Numbers are expressed in standard decimal or floating point notation. Literals (identifiers and strings) are expressed as an alphanumeric sequence beginning with a letter; optionally, double quotes can be used to quote literals with embedded spaces and other characters.
let: [formals actuals body]
extends the environment by locally binding the formals to
actuals, both of which may be arbitrarily bushy structures.
body is evaluated in the extended environment.
The rec form is similar, but creates recursive bindings.
It is somewhat similar to Scheme's letrec, but is fully general,
allowing data recursions.
For example,
rec: [L [0 ! map:[inc L]] L]
specifies the list of integers.
quick = \L.
rec:[loop
\[dc L]. let:[[X ! Xs] L
if:[ nil?:L dc
nil?:Xs [X ! dc]
let:[[lo hi] partition:[X Xs]
loop:[[X ! loop:[dc hi]] lo]
]
]]
loop: [[] L]
]
partition = \[p L].
rec:[part
\[p L lo hi]. let:[[X ! Xs] L
if:[ nil?:L [lo hi]
le?:[X p] part:[p Xs [X ! lo] hi]
part:[p Xs lo [X ! hi]]
]]
part: [p L [] []]
]
seq: [exp1 exp2 ... expN]
is a sequencer, which coerces suspensions sequentially from
left to right.
Many demand-patterns allow parallelism. For example, the add operator referred to earlier is strict in both its arguments, which could be evaluated in parallel. In general, this is true of all strict Daisy primitives that take lists as arguments. This concurrency is possible because Daisy lacks side-effects, a property which allows suspensions to execute in any order. Daisy does not explicitly specify whether most of its primitives actually coerce arguments in parallel, since
Some Daisy primitives do imply concurrency semantics. seq, from above, implies sequential coercion of its argument. The only Daisy primitive that directly implies concurrency is set:
set: [exp1 exp2 ... expN]
set returns a new list of values corrosponding to the order
that the suspensions converge in its argument list.

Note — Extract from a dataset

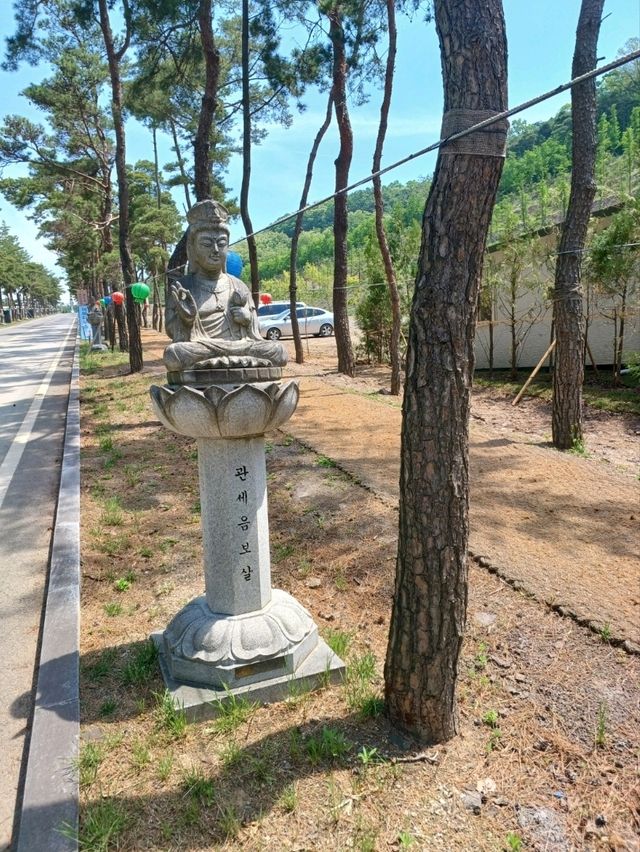 구경거리가 가득한 특별한 사찰, 만불사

This implies that the expressions will be concurrently evaluated,
at least until the first one to converge.
If the tenth element of the result is requested, one can assume
that the expressions will be concurrently evaluated at least until
ten of them have converged, and so forth.
Many Daisy primitives have potential concurrency. add is an example of conservative parallelism [Jon87]; Daisy has many more opportunites for speculative parallelism [Jon87]. For example, a speculative OR-parallelism can be specified by
any?: [exp1 exp2 ... expN]
which returns true if any of its arguments are non-nil.

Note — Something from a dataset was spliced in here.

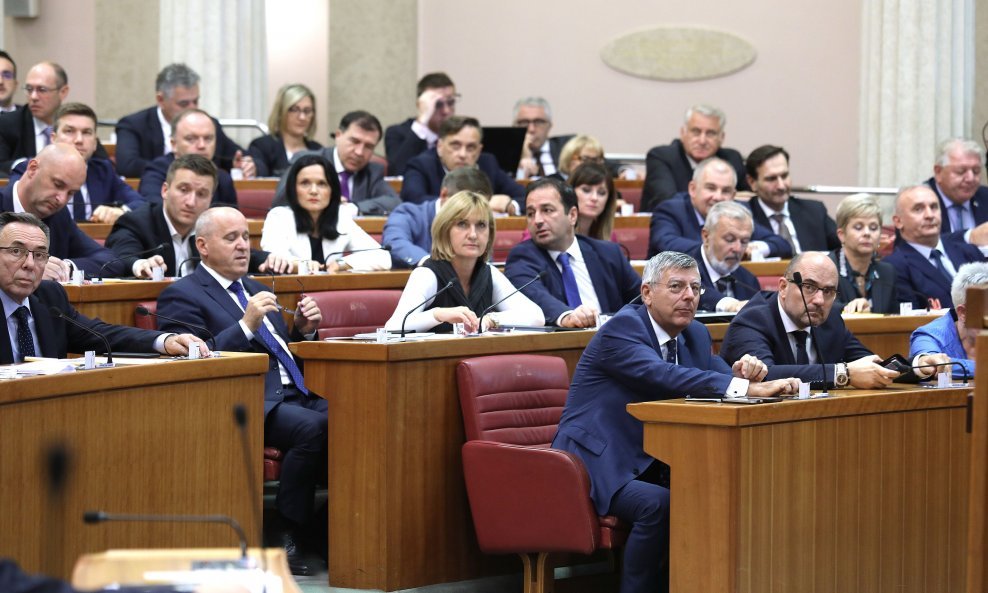 Protiv opoziva ministra Kujundžića glasalo je 79 zastupnika većine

Similarly, a speculative AND-parallelism is
all?: [exp1 exp2 ... expN]
which returns nil if any of its arguments are nil.

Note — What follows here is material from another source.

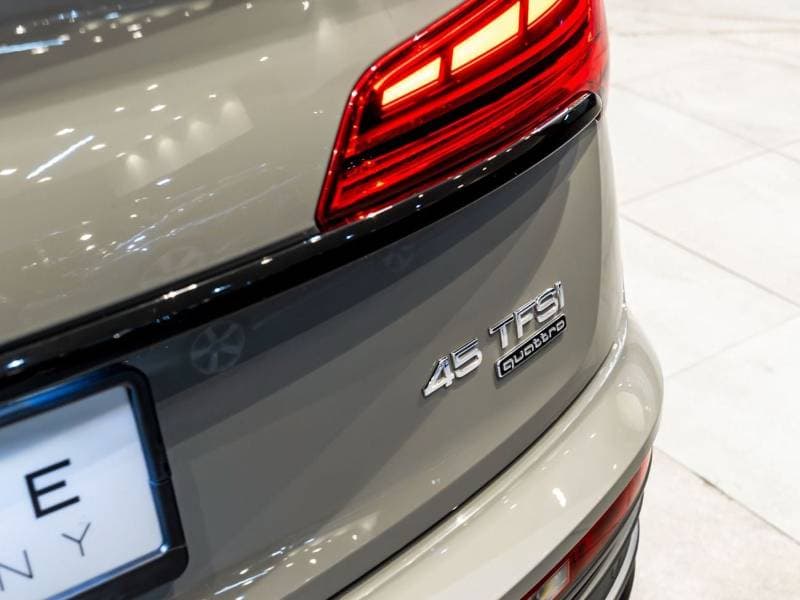 2022 Audi Q5 45 TFSI SPORTBACK S LINE thumbnail 5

Even if is potentially (speculatively) parallel:
if: [pred1 then1pred2 then2... else]
if can speculatively schedule all its then, else,
and subsequent (all but the first) predicate arguments,
and evaluate the first predicate sequentially.
There is also abundant potential parallelism in all mapping primitives.
map: function
is an example of a higher-order primitive.
It returns a closure that maps function over a list.
That mapping, of course, can be entirely parallel.
Many other potential sources of concurrency exist in Daisy; it has vast amounts of latent parallelism. This section illustrates how the language affords abundant implicit parallelism. The DSI kernel is charged with managing this concurrency so that it does not overwhelm the machine. Daisy primitives can freely schedule their arguments without worrying about resource management issues. Chapter 6 explains how the DSI kernel throttles parallelism.
For this reason, Daisy also includes parallelism annotations. Recall from chapter 1 that we are not philosophically opposed to parallel annotation, but rather the inclusion of side effects that limit opportunities for implicit parallelism.